For shippers, an improving economy generally leads to an inevitable hike in freight transportation rates, and that’s exactly what’s occurred in recent months, with several national less-than-truckload companies having already implemented rate increases of between 5%-6%. And based on the results of a recent survey of shippers, you should look for rate increases to continue, across various modes of transportation, particularly truckload and rail.

In fact, all modes of transportation examined in equity research firm Morgan Stanley’s Freight Pulse 20 study (conducted with MH&L) will see both rate and volume increases, an indication that companies are confident enough in the recovery that they’re replenishing their inventories. That matches up with Morgan Stanley’s outlook that we will see “a sustainable economic recovery, i.e., no double dip.” (The Freight Pulse survey was conducted prior to the recent uprisings in the Middle East, and subsequent spikes in fuel costs.)

“Shippers expect continued, robust volume growth,” observes Morgan Stanley analyst William Greene, particularly in their use of truckload carriage. Large shippers in particular foresee volume growth of truckload of 3.8% over the next six months, with small shippers expecting growth of 2.9%.

As a result of the increased volumes, shippers anticipate rates for truckload carriers (generally the least expensive motor carriage mode) to also head north, with 79% of all respondents expecting an increase in truckload rates.

When asked what factors are impacting their decision to keep more volume with truckload carriers (as opposed to the even more economical alternative, rail), the most frequently heard response was, “rail doesn’t support faster inventory turnover.” Indeed, rapid turnover is emerging as the key to shippers taking full advantage of the recovery, with orders currently outpacing inventory, suggesting opportunities for restocking, Greene notes.

Another trend to keep a close eye on is reaction to the Compliance Safety Accountability (CSA) program launched in December 2010 by the Federal Motor Carrier Safety Administration (FMCSA). This program, according to U.S. Transportation Secretary Ray LaHood, aims to make it easier for the government to identify unsafe commercial trucks through the implementation of the Safety Measurement System. The SMS is designed to analyze all safety-based violations to determine a motor carrier’s on-road performance.

According to the FMCSA, the SMS looks at a carrier’s on-road performance in seven categories—unsafe driving, fatigued driving (Hours of Service), driver fitness, controlled substances/alcohol, vehicle maintenance, cargo-related and crash indicator—and then gives each carrier a safety score. As of February 2011, that information is then made available to the public via the FMCSA’s website.

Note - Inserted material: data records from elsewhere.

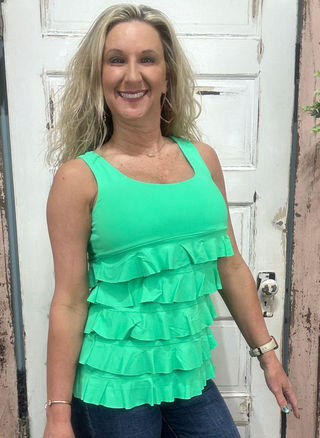 Flirty, fun & sun-safe! The Cha Cha Tank features ruffles, UPF50 protection, & a flattering fit—perfect for sunny days, travel, or everyday wear.

Features ruffle details and a Kelly Green color tank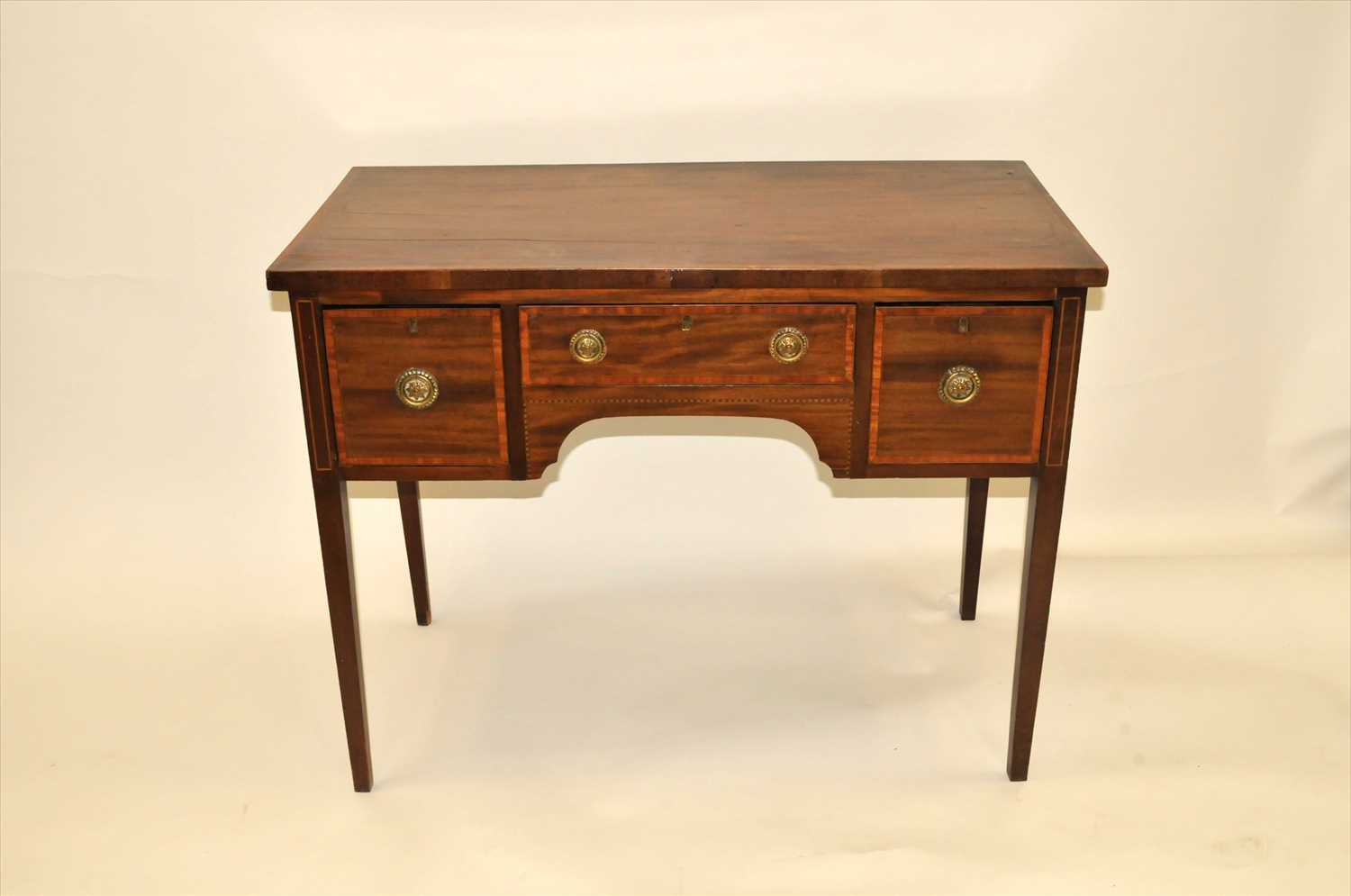 An Edwardian mahogany desk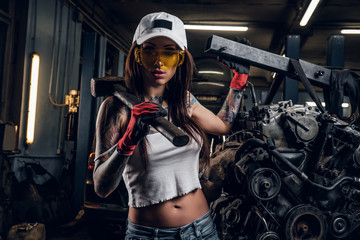 Stylish girl wearing cap and goggles posing with a steel hammer next to a car engine suspended on a hydraulic hoist in the workshop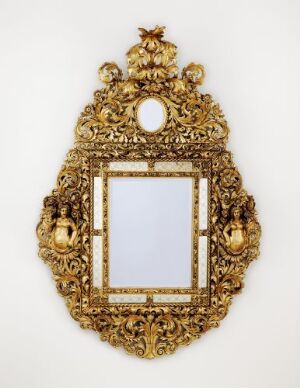  An ornate golden framed mirror, "Speil" by an unidentified artist, with relief and figure-carved foliage patterns in the wood and oil gilded with metal leaf. The mirror glass features etched floral decorations, set against a white background.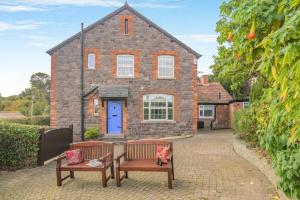 two benches in front of a brick house at 3 Bed in Minehead oc-r30941 in Minehead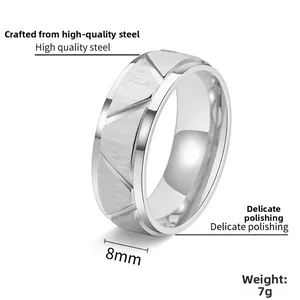Detail of 8mm silver titanium steel ring featuring diagonal cut and brushed texture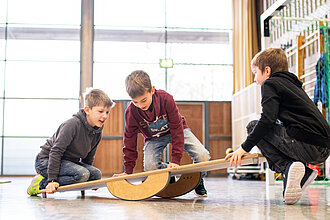 Drei Jungs spielen in einer Turnhalle auf einer Wippe.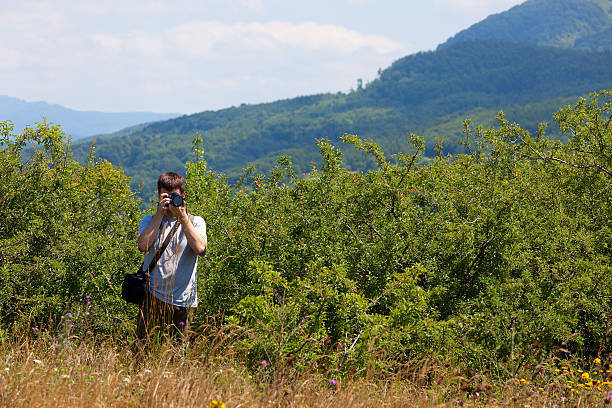 Photographer in the mountains stock photo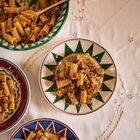 Verschiedene bunte Schüsseln und Teller mit kurzen Rigatoni-Nudeln und Soße auf einem bestickten Tischtuch.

When asked if CSA and carrier safety scores would be a factor in upcoming rate negotiations, 19% of the respondents to the Freight Pulse survey said yes, these scores would be a significant factor, with another 39% saying the scores would be a moderate factor. Also, more than half (55%) said they would not use a carrier with poor CSA scores at any price.

Mode Rate Increase
(large shippers/small shippers)
Volume Increase
(large shippers/small shippers)
Intermodal 2.8%/2.6% 2.8%/1.5%
Truckload 2.9%/2.6% 3.8%/2.9%
Regional LTL 2.3%/2.3% 2.1%/2.6%
National LTL 2.5%/2.3% 1.8%/1.7%
Rail* 3.1% 2.4%
* large and small shippers combined
Source: Freight Pulse 20, conducted by Morgan Stanley with Material Handling & Logistics
Forecasts reflect expectations for freight rate and volume increases in the second and third quarters of 2011.